Expect to need both engineers and domain experts to train your model no matter what, but the type of work they'll be doing — and when they'll be doing it — will depend upon how your model learns.

Training the model

  • For Rule Systems: your engineering team will interview domain experts, looking at data with them and understanding how they arrive at decisions. They'll translate those interviews into computer code.
  • For Machine Learning Systems: your engineering team will ask domain experts to annotate data, probably using software designed for data annotation. They'll set up a learning pipeline which uses those annotations to train a model they've created.
  • For Deep Learning Systems: the process will be the same as machine learning systems but the amount of data needed may soon be far less because of the ability to pre-train and fine-tune models.

Updating the model

Updating a model is when the differences between learned and non-learned systems really begin to emerge. The fundamental question is who the primary responsibility for improvement falls upon: engineers or domain experts.
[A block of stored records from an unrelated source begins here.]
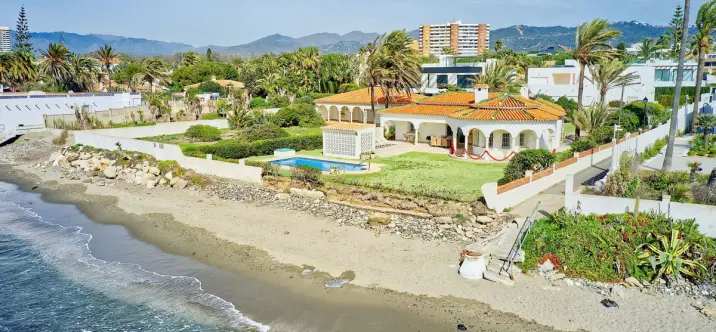 Краткосрочная аренда  отдельно стоящей виллы в Marbesa 3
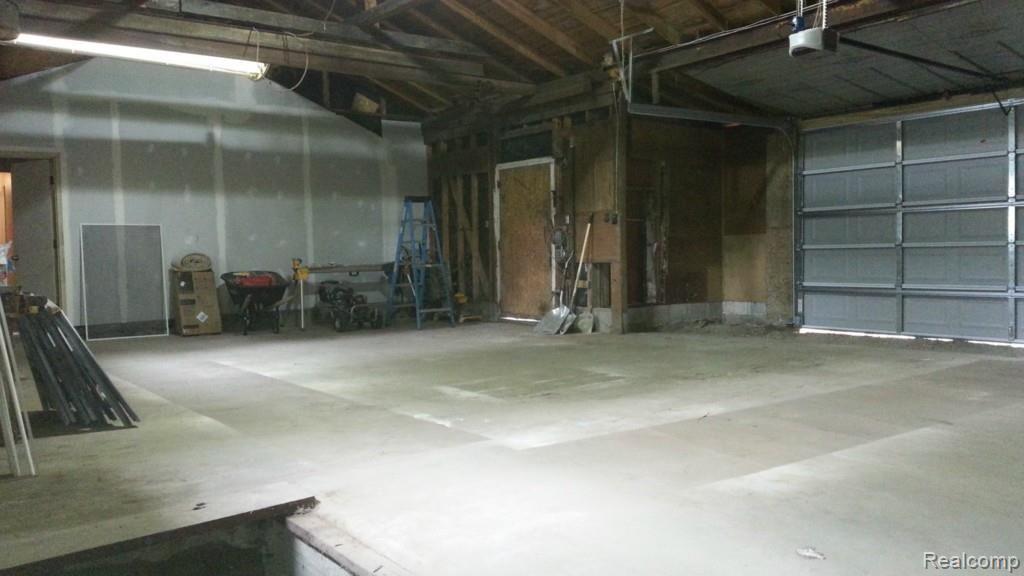 737 South Hospital Road Waterford, MI 48327 - Photo 37 of 41 20150826_104359.jpg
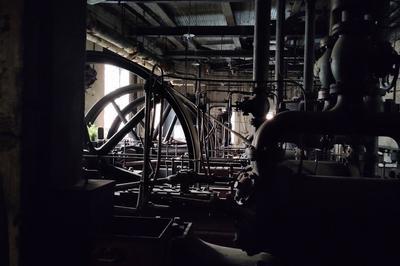 Visite commente d'une ancienne usine de fabrication de glace en barres  Strasbourg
  • In rule systems, engineers have the primary responsibility for model updates. Engineers will observe the model's performance, consult with domain experts to understand its errors, and then update the rule set accordingly. Updating the model is primarily an engineering exercise.
  • In learned systems, domain experts have the primary responsibility for model updates. Domain experts will observe the model's performance, annotate more data representative of the erroneous outputs, and re-run the training pipeline. Engineering involvement is primarily keeping systems running well in general, rather than resolving accuracy problems specifically.
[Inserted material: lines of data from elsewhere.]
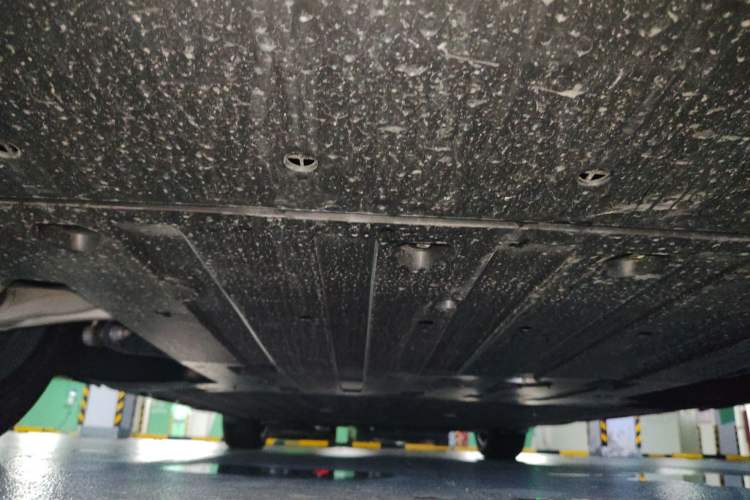 Used XPeng X9 2025 650 Long-Range Max Chassis Front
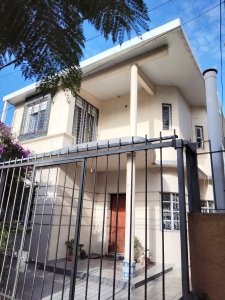 Venta casa Parque Batlle reciclada 4 dormitorios 4 baños barbacoa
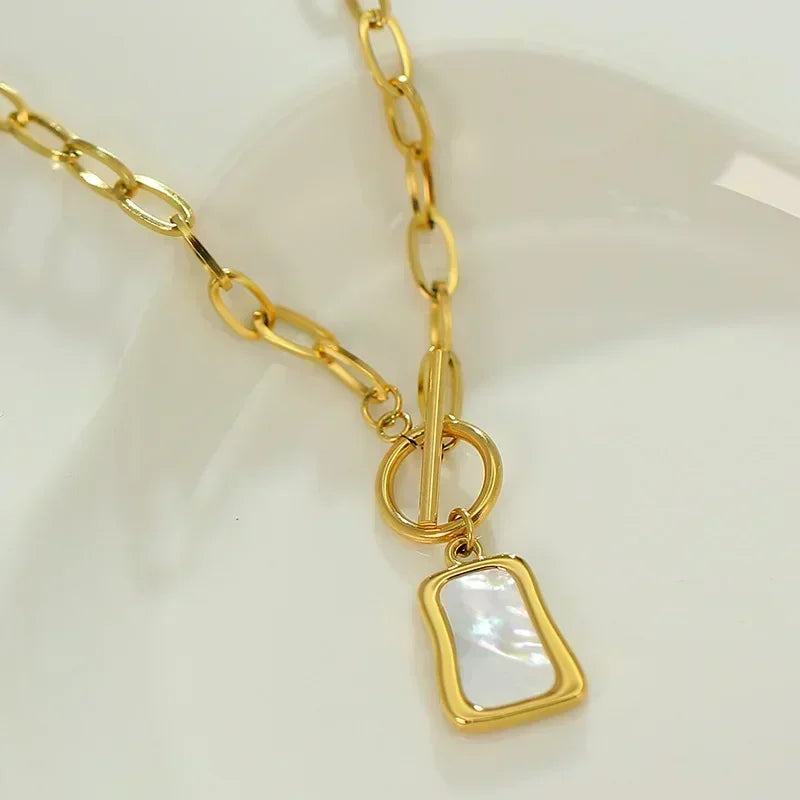 Collar con colgante de perla trapezoidal OysterGleam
This difference can have a large impact on project management once things get running. If the business unit that owns the automation project includes domain experts but not engineers, then they are not in control of their own ability to improve performance unless these domain experts can do it themselves.

One advantage learned systems have with respect to model updates is that learned systems are naturally more able to emit confidence scores with their own output. The lowest confidence outputs can automatically be flagged for human review and incorporation into a future training set, allowing the model to play an active role in guiding the kind of data it needs to become more confident in production.